To celebrate NCTE's 100th anniversary, the Task Force on Council History suggested a volume documenting the history of literacy education and of NCTE. Edited by NCTE Parliamentarian Erika Lindemann, with an introduction by Task Force Chair Leila Christenbury, Reading the Past, Writing the Future contains about a dozen essays across an encompassing range of literacy-related topics.
The authors, Christenbury notes, are among “the finest in their fields.” And while NCTE’s history certainly is central to the book, Lindemann clarifies, “It isn’t a decade-by-decade history. The thinking,” Lindemann explains, “was that this book should make some sort of claim about American literacy . . .to show how NCTE has shaped and responded to these larger concerns, either as an agent for change or as a resource for teachers to meet students’ needs.”

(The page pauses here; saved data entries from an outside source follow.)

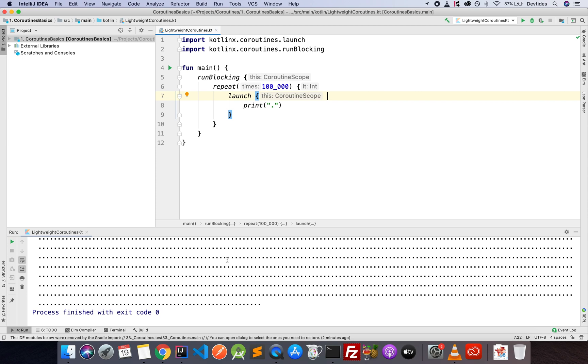And there we go. So we can see how easy, how quick the coroutines are. It was barely even a second, right? So that's 100,000 coroutines.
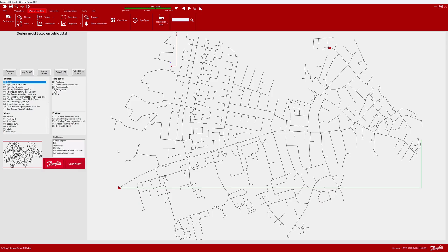This was a short introduction to the demo model that comes with the lean heat network installation and that you can use as inspiration and to investigate how certain features or functions are configured.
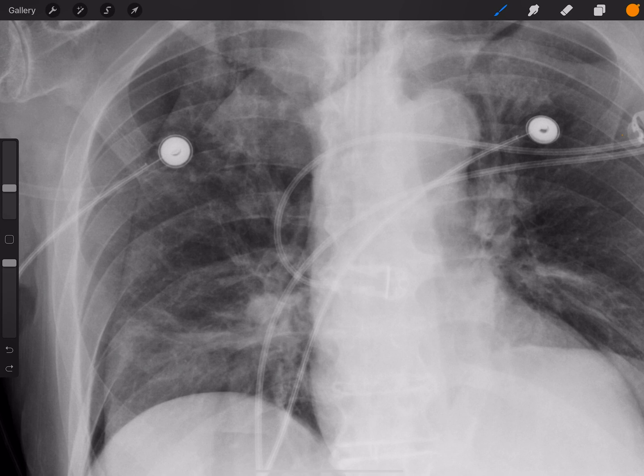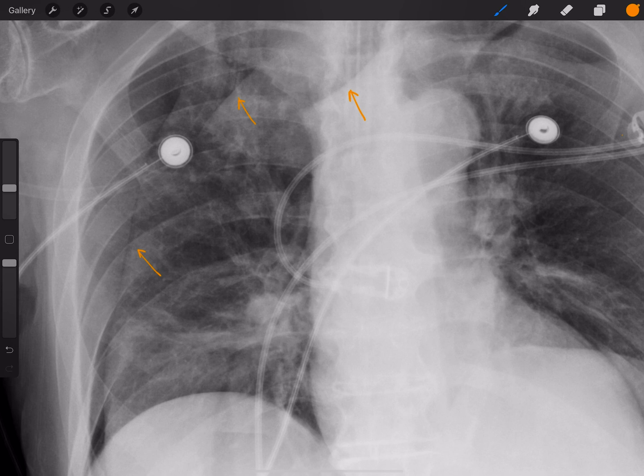The first reason is that this line is actually mimicked two other times on the image. It doesn't make sense for those second and third lines to be a pneumothorax because one is positioned over the mediastinum. So that's reason number one.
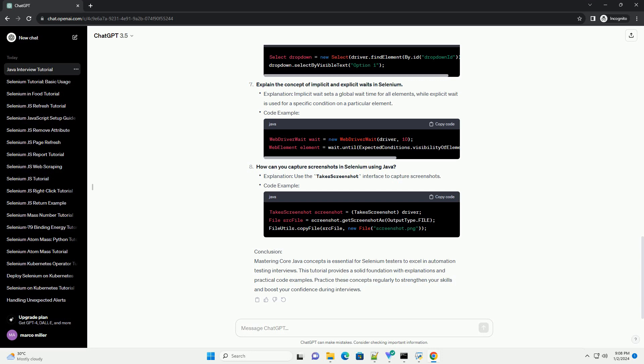Mastering core Java concepts is essential for Selenium testers to excel in automation testing interviews. This tutorial provides a solid foundation with explanations and practical code examples. Practice these concepts regularly to strengthen your skills and boost your confidence during interviews.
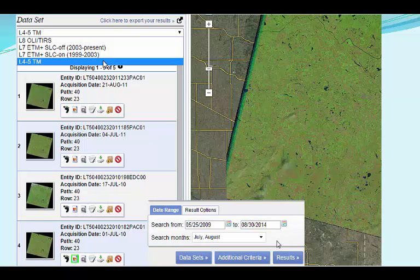Here are results from my search for all July or August images with less than 30% cloud cover between June 2009 and September 2014, from any of the four different sensors that could have acquired images during this time period. Note that the results are shown for just one sensor at a time — in this figure the Landsat 5 options. One of these images would work, but since I know there may be options from more recently launched satellites, I'm going to explore those results further before making my decision.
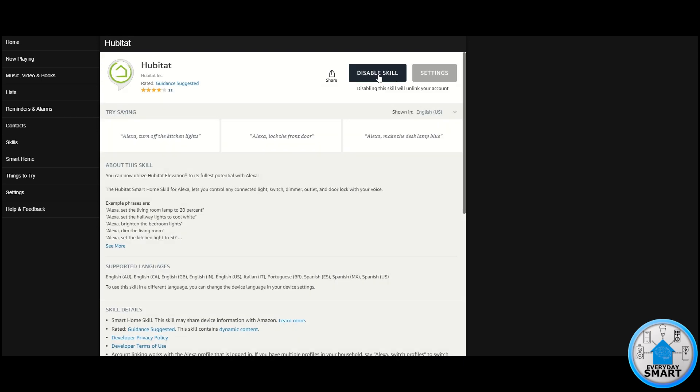In my case it appears enabled already, but if you don't have it yet, this button will say Enable Skill. Click it, and when you click it, it's going to ask you for your credentials. After you put in your credentials, Alexa is going to have access to your Hubitat devices.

Christenbury’s introductory essay discusses trends in American literacy education. Then, prominent scholars focus on activities and subject matters central to teaching English language arts and college English:
- teaching reading, writing, language, and literature;
- using new media effectively;
- working for social justice in the classroom, school, and community;
- devising responsible means to assess the work of students and teachers;
- initiating the next generation into the profession;
- cultivating an ethos for action among those who support as well as critique this work;
- looking toward the work that remains to be done in the century ahead.
Contributors include Leila Christenbury; Donna E. Alvermann; Anne Ruggles Gere; Stephen Tchudi; Arthur N. Applebee, Judith A. Langer, and Marc A. Nachowitz; Mary T. Christel, with Sandy Hayes; Carol D. Lee and Anika Spratley; Kathleen Blake Yancey; Patricia Lambert Stock; Jacqueline Jones Royster; and John S. Mayher.